Guilt can kill. Especially if that guilt belongs to a woman, and even more so when that woman belongs to a country where patriarchy rules. 180 Degree Rule is set in Tehran, and presents us with a nuclear family struggling to come to terms with a tragic event: the husband dishes out blame, the wife is stuck between acceptance and rejection, and the result is a film that paints a portrait of a marriage and society, where men are taken at their word, and women are doubted.
School teacher Sara (Sahar Dolatshahi), along with her five-year-old daughter, is all set to attend a family wedding in northern Iran, but her cold, distant husband Hamed (Pejman Jamshidi) throws a spanner in the works. That her defiance, and the unbearable consequences, will be seen as a sin by Hamed is a foregone conclusion: Farnoosh Samadi’s debut feature also shows us just how hard it is for women to find sympathy even within their own family. Sara’s brother who stands by her is an exception. The rest are interested only in pointing fingers.
A subplot involves a schoolgirl, an unwanted pregnancy, and a horrific twist. The parallel that the film draws between the schoolgirl and the teacher makes the messaging around fault and blame even stronger. You hope that justice will be served, that Sara will somehow emerge from the situation, but the film’s choice of an ending, leaves neither her, nor us, with any succor. Who, really, is guilty?
Hungarian director Kornel Mundruczo’s first English language film Pieces Of A Woman has a kind of thematic connection with 180 Degree Rule. Here’s another married couple grappling with similar loss, and lashing out at each other in anger and pain. Martha (Vanessa Kirby) and Shawn (Shia LaBeouf) are expecting their first child, and the home birth, supervised by a midwife (Parker) goes horribly wrong. Not that trouble is evident from the start: all seems to be going well, till a hint that something may be wrong arises, and then things go too fast for containment.
Who is to blame? Martha who didn’t want a hospital birth, Shawn who goes along with her, or the midwife who doesn’t appear to understand how things went from being fine to anything but? Pieces Of A Woman trains an uncompromising lens on how quickly even seemingly-solid humans unravel, and how things can spin out of control even with the best intentions and expertise.

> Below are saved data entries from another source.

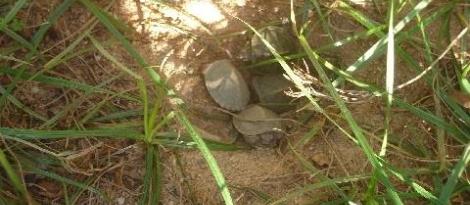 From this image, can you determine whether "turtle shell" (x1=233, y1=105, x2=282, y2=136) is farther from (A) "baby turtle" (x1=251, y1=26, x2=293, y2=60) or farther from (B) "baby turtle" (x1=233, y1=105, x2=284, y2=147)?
(A) "baby turtle" (x1=251, y1=26, x2=293, y2=60)

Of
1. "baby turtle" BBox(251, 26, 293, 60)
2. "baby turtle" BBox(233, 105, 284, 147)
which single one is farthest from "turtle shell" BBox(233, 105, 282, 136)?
"baby turtle" BBox(251, 26, 293, 60)

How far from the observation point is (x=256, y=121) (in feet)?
5.67

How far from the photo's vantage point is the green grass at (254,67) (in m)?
1.64

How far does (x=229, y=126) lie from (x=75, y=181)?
47 cm

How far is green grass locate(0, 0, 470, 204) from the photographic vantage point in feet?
5.37

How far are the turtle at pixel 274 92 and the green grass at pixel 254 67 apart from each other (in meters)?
0.05

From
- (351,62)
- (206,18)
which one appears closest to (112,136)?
(206,18)

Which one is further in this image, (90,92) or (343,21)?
(343,21)

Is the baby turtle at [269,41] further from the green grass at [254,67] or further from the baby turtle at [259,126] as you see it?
the baby turtle at [259,126]

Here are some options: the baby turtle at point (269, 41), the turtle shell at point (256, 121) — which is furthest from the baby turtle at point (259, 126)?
the baby turtle at point (269, 41)

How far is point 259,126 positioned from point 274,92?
0.38 ft

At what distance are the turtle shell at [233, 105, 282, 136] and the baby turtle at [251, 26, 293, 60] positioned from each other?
0.52 feet

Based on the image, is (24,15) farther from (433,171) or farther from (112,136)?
(433,171)

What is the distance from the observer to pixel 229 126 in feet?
5.81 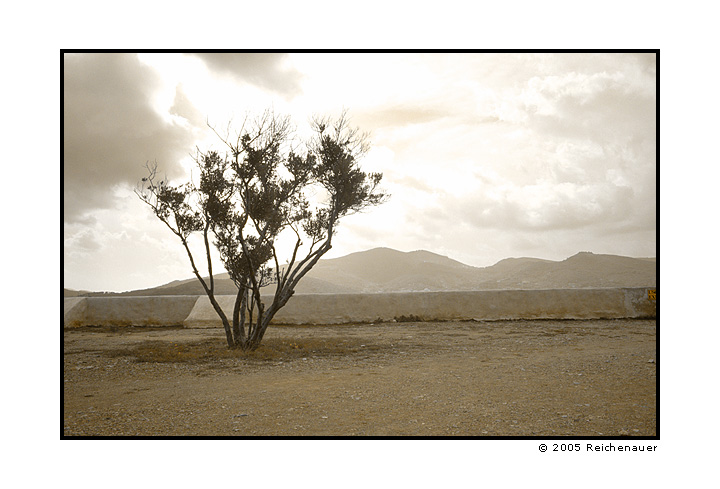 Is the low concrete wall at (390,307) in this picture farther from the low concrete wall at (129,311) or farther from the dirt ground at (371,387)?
the dirt ground at (371,387)

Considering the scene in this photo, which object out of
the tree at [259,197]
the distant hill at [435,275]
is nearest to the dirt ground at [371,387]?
the tree at [259,197]

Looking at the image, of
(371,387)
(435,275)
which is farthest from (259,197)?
(435,275)

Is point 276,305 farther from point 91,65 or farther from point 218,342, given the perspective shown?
point 91,65

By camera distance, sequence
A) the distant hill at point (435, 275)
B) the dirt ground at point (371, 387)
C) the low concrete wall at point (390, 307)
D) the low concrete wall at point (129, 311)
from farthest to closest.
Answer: the distant hill at point (435, 275), the low concrete wall at point (129, 311), the low concrete wall at point (390, 307), the dirt ground at point (371, 387)

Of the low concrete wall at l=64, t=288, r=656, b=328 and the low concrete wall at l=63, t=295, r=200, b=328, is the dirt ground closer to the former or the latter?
the low concrete wall at l=64, t=288, r=656, b=328

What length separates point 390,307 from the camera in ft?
48.0

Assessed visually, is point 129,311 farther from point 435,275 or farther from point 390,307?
point 435,275

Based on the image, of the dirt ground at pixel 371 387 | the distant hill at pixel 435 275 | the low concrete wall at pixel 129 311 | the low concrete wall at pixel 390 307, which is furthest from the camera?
the distant hill at pixel 435 275

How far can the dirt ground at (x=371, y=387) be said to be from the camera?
4.08 metres

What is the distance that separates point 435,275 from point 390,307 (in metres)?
24.6

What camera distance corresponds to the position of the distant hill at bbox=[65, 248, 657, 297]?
30.3 m

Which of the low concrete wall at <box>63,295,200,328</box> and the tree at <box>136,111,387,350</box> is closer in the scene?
the tree at <box>136,111,387,350</box>

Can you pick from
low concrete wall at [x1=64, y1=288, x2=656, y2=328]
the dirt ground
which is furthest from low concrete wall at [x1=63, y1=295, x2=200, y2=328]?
the dirt ground
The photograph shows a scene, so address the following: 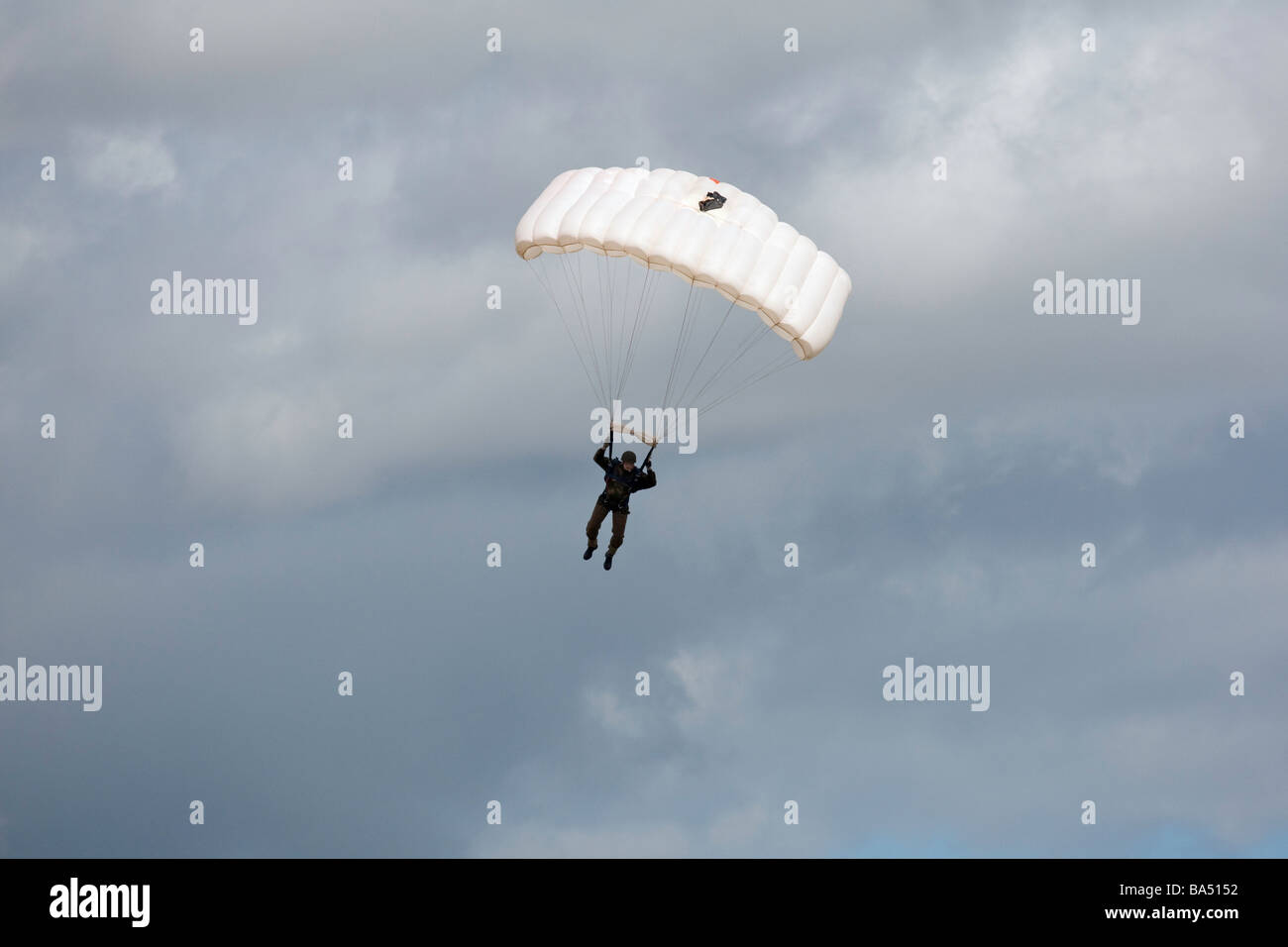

There are superb performances all round: as the working-class husband who tries very hard to meet his upper-class wife’s expectations, LeBeouf is appropriately spiky; as the woman who goes from using her anger as a weapon on anyone within reach, Kirby is terrific; and as Martha’s mother, who carries conflicted memories of her own mother, Ellen Burstyn, is an inspired piece of casting.
What’s also inspired is the way Pieces Of A Woman refuses to judge any of its characters. No one is entirely blameless, but in the way Martha picks up responsibility for her actions both redeems her, and the others who were around her at that crucial time. That guilt can be got rid of, is a powerful, restorative thing.
The connections we make between guilt, crime and punishment play out in Korean drama An Old Lady in an unusual manner. A 69-year-old woman is raped by a male attendant while she is in hospital. The trauma visits her retrospectively in waves, and causes her to undertake certain actions, which include a visit to the police station to file a complaint.
It’s bad enough that women have the gall to go up against men; it’s worse when the woman is old, and the man is young and good-looking. Hyo-jeong (Ye Su-jeong) is faced with derision: is it not the case that she has begun forgetting things? Isn’t her memory playing tricks? Ageism is on full display.
Hyo-jeong is not your average grandma type. She is slim and trim, her ‘figure’ is a matter of envy amongst the young women she knows. She dresses well, and an investigating cop feels free to comment on it. She lives with an equally elderly poet and bookshop owner Nam Dong-in (Ki Joo-bong); her ‘unmarried’ status raises eyebrows. And while her partner is clearly empathetic, even he slides into a moment of doubt. It’s not only ageism, it’s also sexism.
Debut director Lim Sun-ae creates an unconventional protagonist, and while the film does meander off into a more conventional revenge curve (if the culprit will not confess, there are other ways of making him realise that he did the wrong thing), it stays strongly but sensitively on its feminist path. Guilt-tripping can cut both ways.